Unfortunately, despite the model authors adding a significant number of GPUs to the official demo, it has been hugged to death following recent Guardian, NYT, and other coverage.
So, a touch of Rain, Speed and Steam?
So I tried "a train speeding in rain" and got a somewhat car-like out of the window view on a rainy landscape, with a hint of rails somewhat mangled into what looked more like a road for automobiles to me. — However, no Turner… ;-)
a green bowl a green bowl with an apple a green bowl with an apple inside a banana in a bowl
the only one that seemed correct was "a green bowl", all of the others were very different.

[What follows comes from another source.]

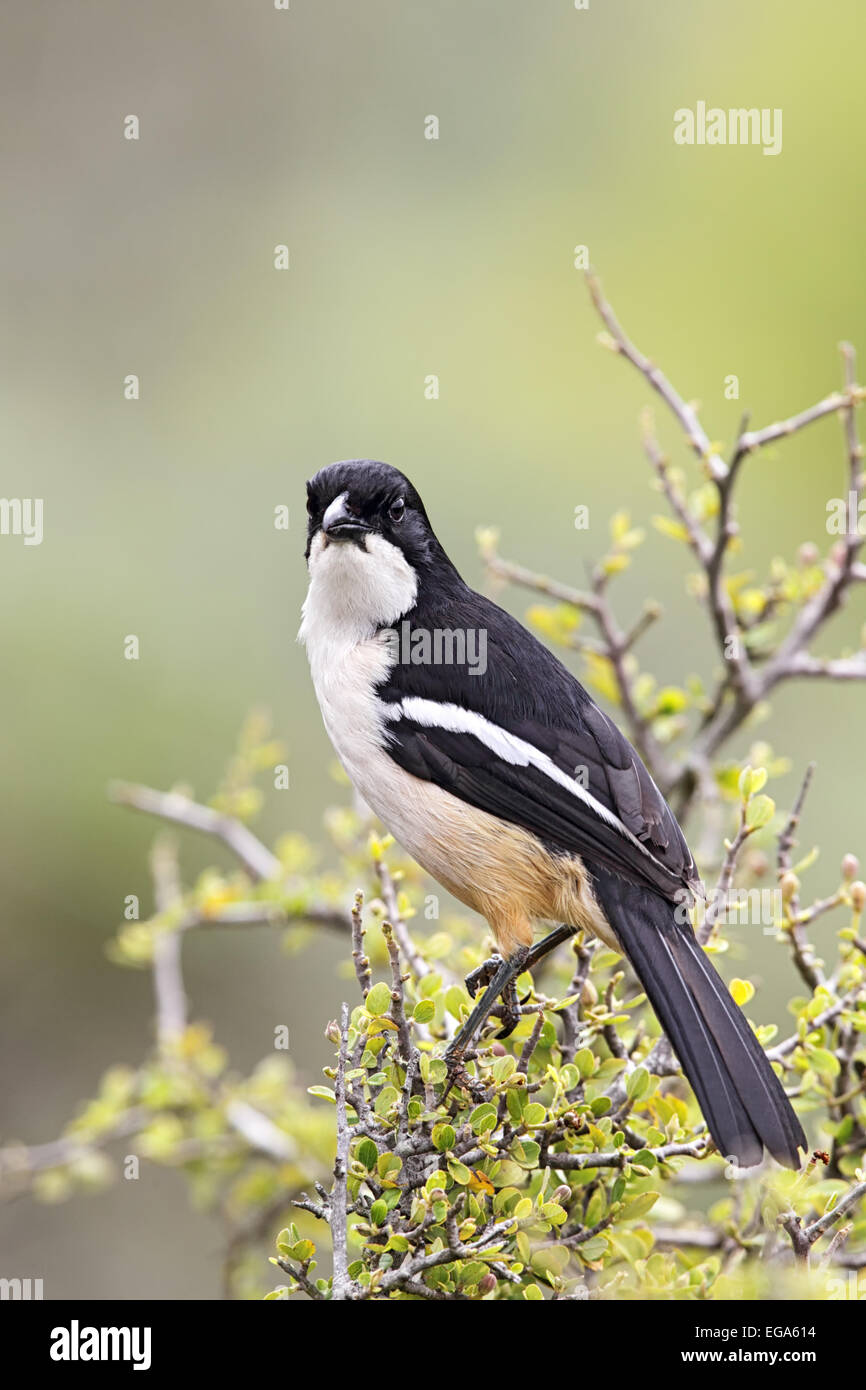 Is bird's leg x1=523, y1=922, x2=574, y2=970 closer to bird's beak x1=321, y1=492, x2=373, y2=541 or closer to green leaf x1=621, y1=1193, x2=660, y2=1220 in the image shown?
green leaf x1=621, y1=1193, x2=660, y2=1220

This one tends to come back with blobby images that don't seem to take in at least half the words in the query (and yes, I'm only using 3-4 words, just like the example).

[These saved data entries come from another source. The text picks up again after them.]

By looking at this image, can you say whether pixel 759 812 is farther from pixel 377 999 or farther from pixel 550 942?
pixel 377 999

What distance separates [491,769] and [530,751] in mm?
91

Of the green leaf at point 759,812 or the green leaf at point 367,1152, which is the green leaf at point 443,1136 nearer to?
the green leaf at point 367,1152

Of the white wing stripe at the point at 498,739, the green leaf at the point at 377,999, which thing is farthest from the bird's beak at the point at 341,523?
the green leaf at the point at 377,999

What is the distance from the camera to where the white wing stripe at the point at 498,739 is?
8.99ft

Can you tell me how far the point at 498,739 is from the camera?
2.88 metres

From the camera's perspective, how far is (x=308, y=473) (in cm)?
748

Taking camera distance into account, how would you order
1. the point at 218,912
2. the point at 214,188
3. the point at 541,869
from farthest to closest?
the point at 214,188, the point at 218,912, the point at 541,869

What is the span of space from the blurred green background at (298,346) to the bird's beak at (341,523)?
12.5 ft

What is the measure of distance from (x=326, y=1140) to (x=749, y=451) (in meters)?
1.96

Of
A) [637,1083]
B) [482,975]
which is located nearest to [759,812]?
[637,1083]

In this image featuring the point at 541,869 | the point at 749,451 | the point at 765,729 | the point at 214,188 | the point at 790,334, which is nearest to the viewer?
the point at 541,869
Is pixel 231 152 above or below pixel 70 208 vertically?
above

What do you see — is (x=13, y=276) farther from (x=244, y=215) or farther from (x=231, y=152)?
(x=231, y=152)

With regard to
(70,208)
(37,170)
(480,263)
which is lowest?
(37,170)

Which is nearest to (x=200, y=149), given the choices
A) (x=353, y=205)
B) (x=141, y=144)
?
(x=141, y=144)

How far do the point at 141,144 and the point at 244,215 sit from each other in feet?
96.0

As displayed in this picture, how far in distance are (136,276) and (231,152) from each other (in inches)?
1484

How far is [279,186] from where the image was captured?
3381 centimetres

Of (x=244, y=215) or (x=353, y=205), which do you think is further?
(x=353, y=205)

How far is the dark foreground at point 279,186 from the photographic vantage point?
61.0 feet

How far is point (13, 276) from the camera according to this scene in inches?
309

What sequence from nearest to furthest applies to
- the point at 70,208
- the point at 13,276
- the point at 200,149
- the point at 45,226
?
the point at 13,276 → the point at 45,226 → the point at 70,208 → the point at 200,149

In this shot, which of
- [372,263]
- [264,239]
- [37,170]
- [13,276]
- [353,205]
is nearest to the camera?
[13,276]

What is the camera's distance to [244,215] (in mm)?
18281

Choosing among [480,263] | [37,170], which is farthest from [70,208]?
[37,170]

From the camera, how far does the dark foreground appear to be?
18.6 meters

Out of the handful of DALL-E clones I've seen so far, this is by far the worst performing wrt results returned I've come across.
For out of four queries resulted in synthetic portraits that are terrifically scary.
Spent all evening yesterday having fun as me and my friends tried all sorts of inputs, including pretty specific/obscure ones (but we also did plenty of rather vague and generic inputs as well). Not even once we got unrecognizable blobs. Sometimes we got results that were more on the van gogh side rather than the realism side, but not even once we got something that was unrecognizable.
Even without knowing the prompt, you could tell "oh this looks like a human dressed in a suit with a weird body shape, as he is standing bent over, with a giant person in a dark dress from behind a desk across, everyone is from the waist up, all looking like a very stylized drawing", despite the prompt itself being something like "courtroom sketch of a man getting sued".
To anyone who wants to see something I personally found extremely interesting, try a prompt like "Google streetview of XYZ", with XYZ being something absolutely difficult to even imagine visually or vague, like "Godzilla" or "statue".
Then "samuel pepys on a horse" which gave me a disturbing ghost on a deformed horse.